While these factors form a strong basis for medical coding and documentation, there are several specific KPIs that can help track revenue cycle health when it comes to outpatient procedures. These include the following:
- A/R Days:
Days in accounts receivable represents the average length of time it takes for a claim to be paid. While practices wait for payment, cash flow — and opportunities to invest and earn interest — decrease.
- Coding denials:
Denials from coder error occur when an incorrect diagnosis, treatment, or procedure code is filed through a claim.
- Coding and documentation productivity:
Due to the prevalence of paper-based legacy workflows, coding and documentation often take up more time prioritizing worklists and identifying problems. For more than 90% of revenue cycle managers, identifying issues take up a significant chunk of their time.
- Risk score capturing:
Risk adjustment is a methodology that equates the health status of a person to a risk score, to predict healthcare costs. Inaccurate HCCs and Risk Adjustment Factor (RAF) can lead to imprecise care and documentation, ultimately resulting in denied claims. With revenue being directly linked to HCCs and risk scores in Medicare adjustment, risk adjustment is the single most important factor in a value-based care setting.

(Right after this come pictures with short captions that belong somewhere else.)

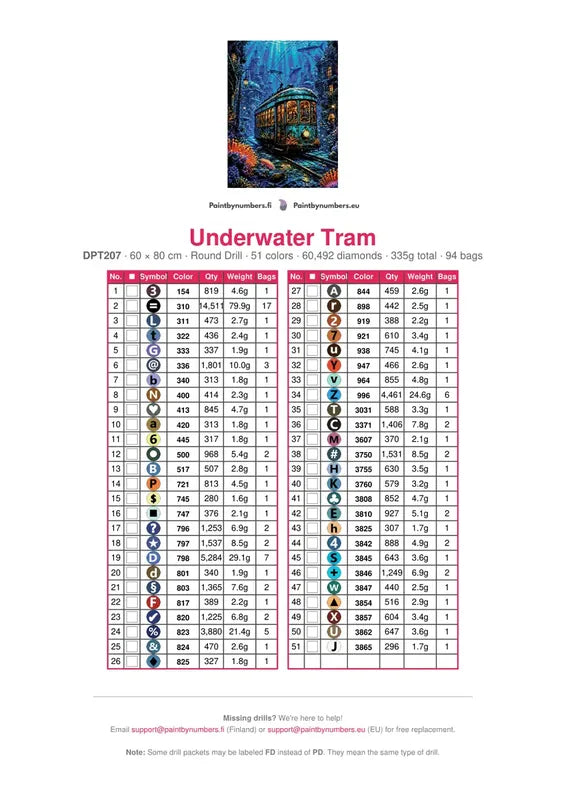 Underwater Tram timanttimaalauksen värikartta – 51 DMC-väriä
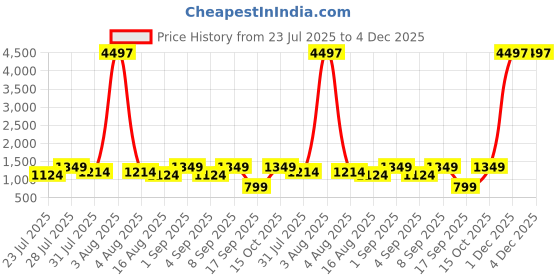 myntra.com Astita Woven Design Zari Banarasi Saree astita Price History Graph from 23 Jul 2025 to 4 Dec 2025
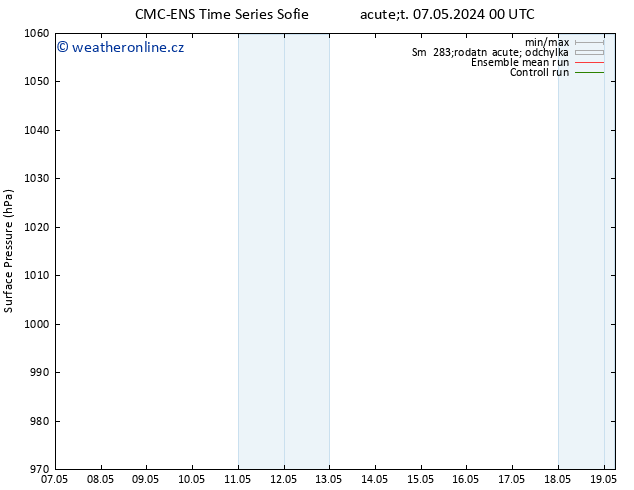 Atmosférický tlak CMC TS Pá 17.05.2024 00 UTC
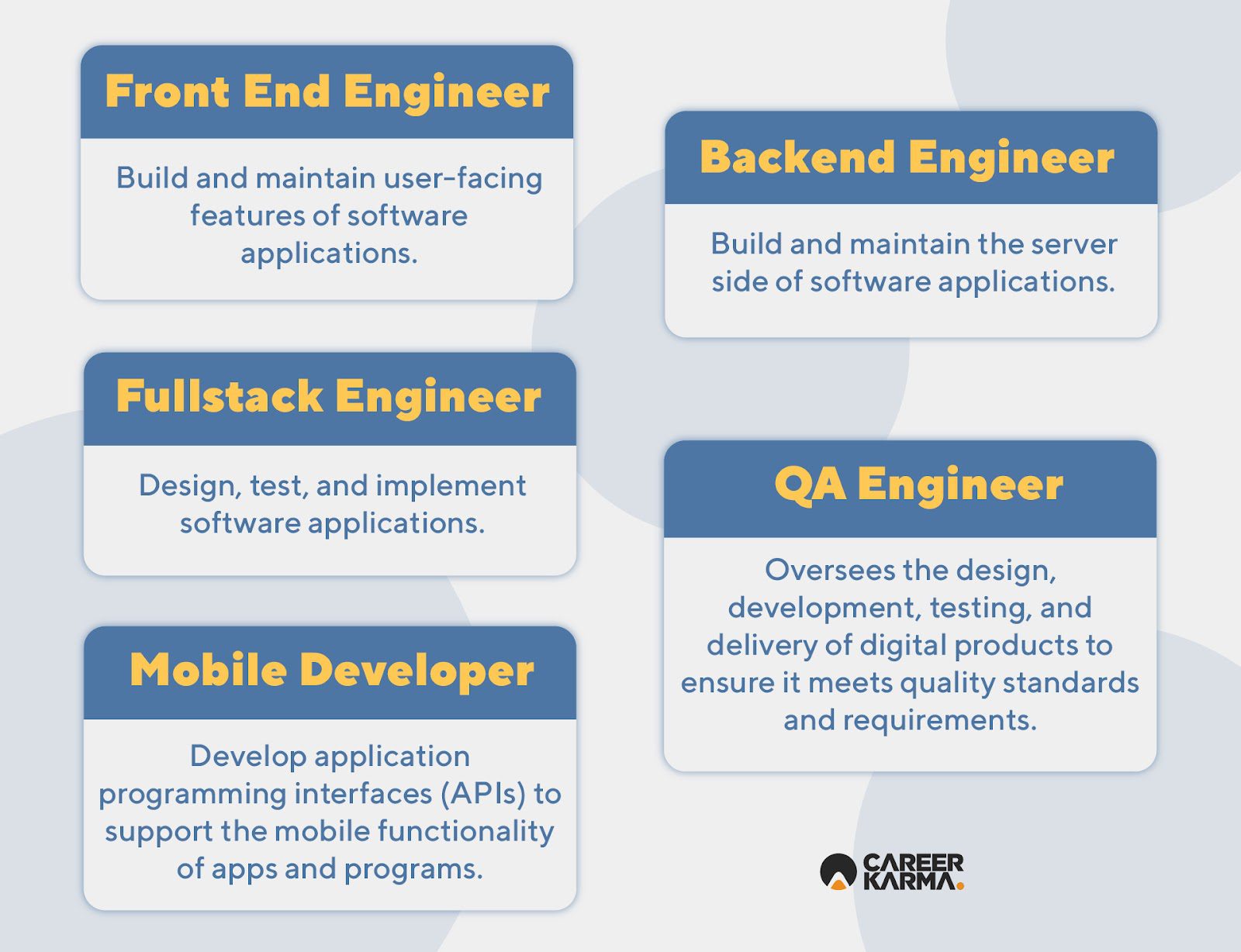 An infographic listing common software engineering career paths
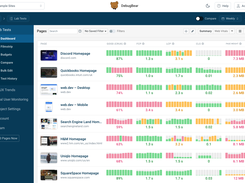 Synthetic website monitoring dashboard
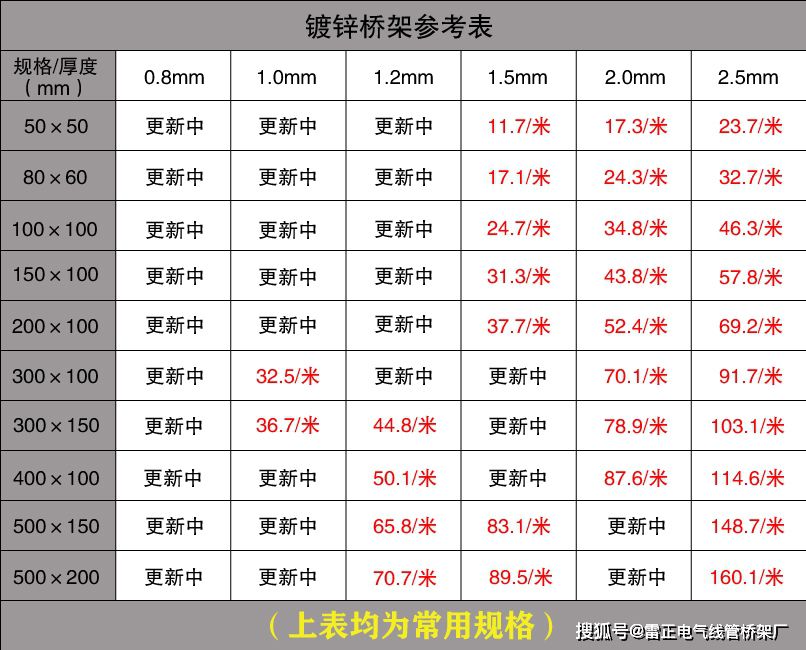 電纜橋架價格查詢（批發(fā)價）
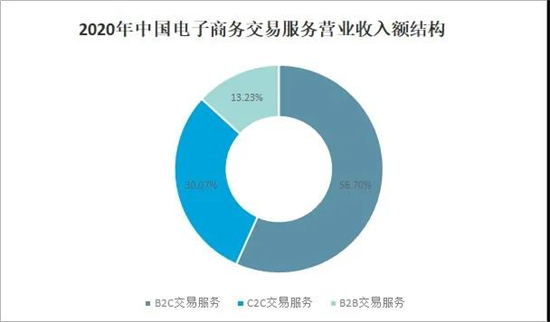 2020年b2c交易服务收入占电子商务交易服务营业收入额的56.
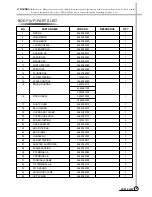 Предварительный просмотр 10 страницы Daewoo RC-406 Service Manual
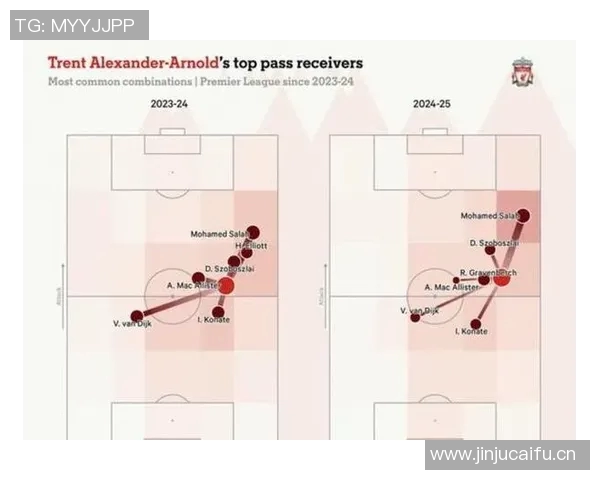 【深度解析】利物浦近况+未来走势预测 【深度解析】利物浦近况+未来走势预测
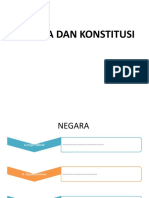 Negara Dan Konstitusi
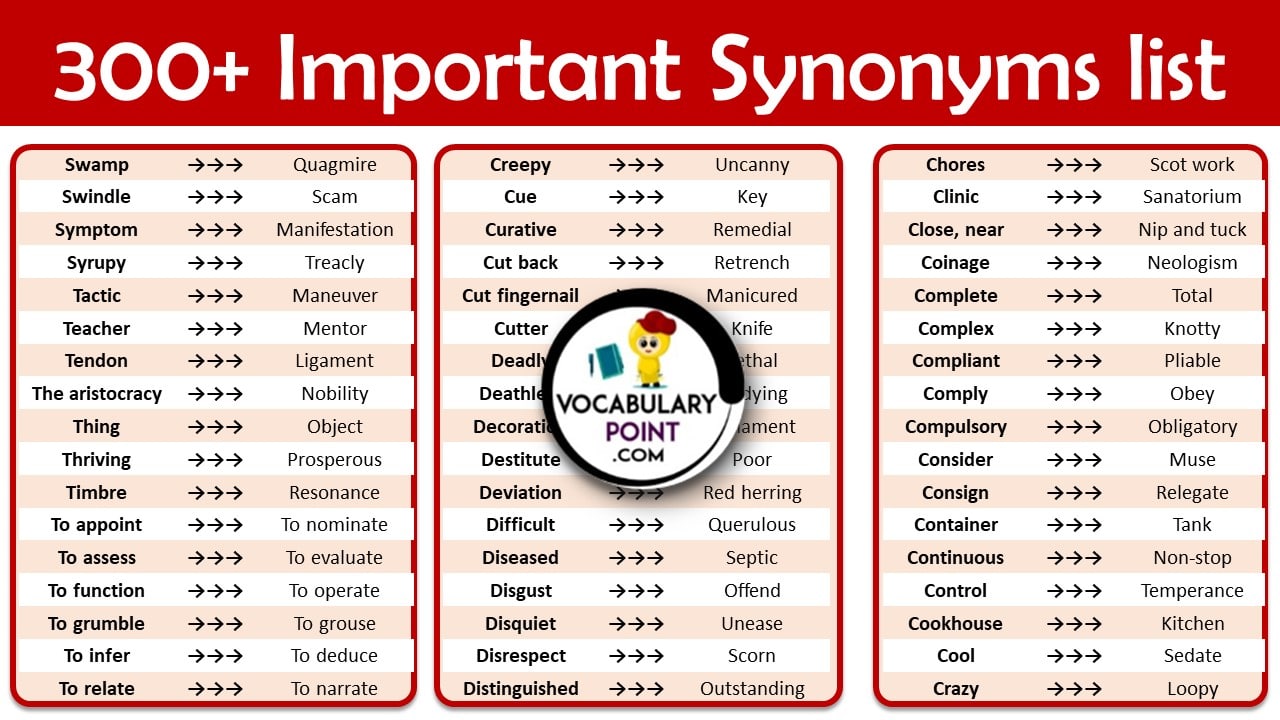 Given To Us Synonyms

NLP: Driving Action, Not Just Insights
The introduction of natural language processing-enabled (NLP) computer-assisted coding (CAC) software into the process has bolstered professional medical coding in new and innovative ways. Having been trained for years on longitudinal clinical charts, the ability of AI-powered CAC systems to visualize KPIs in a more organized manner allows for better decision-making that is geared towards higher revenue generation and improved healthcare quality.

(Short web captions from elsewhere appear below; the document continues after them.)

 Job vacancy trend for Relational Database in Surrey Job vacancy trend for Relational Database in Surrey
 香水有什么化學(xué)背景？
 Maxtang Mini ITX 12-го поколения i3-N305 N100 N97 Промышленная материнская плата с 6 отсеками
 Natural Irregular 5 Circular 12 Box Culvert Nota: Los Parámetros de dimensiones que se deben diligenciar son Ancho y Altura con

With this in mind, EZDI’s computer-assisted coding solution allows care providers to simplify the coding workflow dramatically. By utilizing, industry-leading clinical NLP technology, the EZDI CAC tool provides:
- Intelligent worklist prioritization
- Accurate diagnosis and charge codes based on documentation
- NLP-driven auto calculation of correct E/M levels
- Visualizing coding trends to make decisions to improve productivity
Computer-Assisted coding for outpatient and NLP-based tools are proven to significantly improve coding accuracy and other outpatient KPIs. A prime example of this is the case of Auburn Community Hospital where EZDI’s computer-assisted coding solution optimized the institute’s coding workflow and revenue cycle. This led to a 50% decrease in DNFC days, a 4.59% increase in CMI, and over 50% improvement in coder efficiency. Once in effect, the EZDI computer-assisted coding solution offers marked benefits for medical coding workflows. With the NLP driven solution in place, hospitals can expect to see the following metrics:
- 20% increase in risk score capture
- 30% reduction in coding denials
- 30% reduction in days in A/R
- 40% increase in coder productivity
Revenue management and integrity are governed by KPIs that effectively identify areas where payments are low, but compliance risks are high. When computer-assisted coding software is NLP-driven and applied effectively it can open up new avenues for medical coding to successfully progress and meet the needs of a value-based healthcare ecosystem.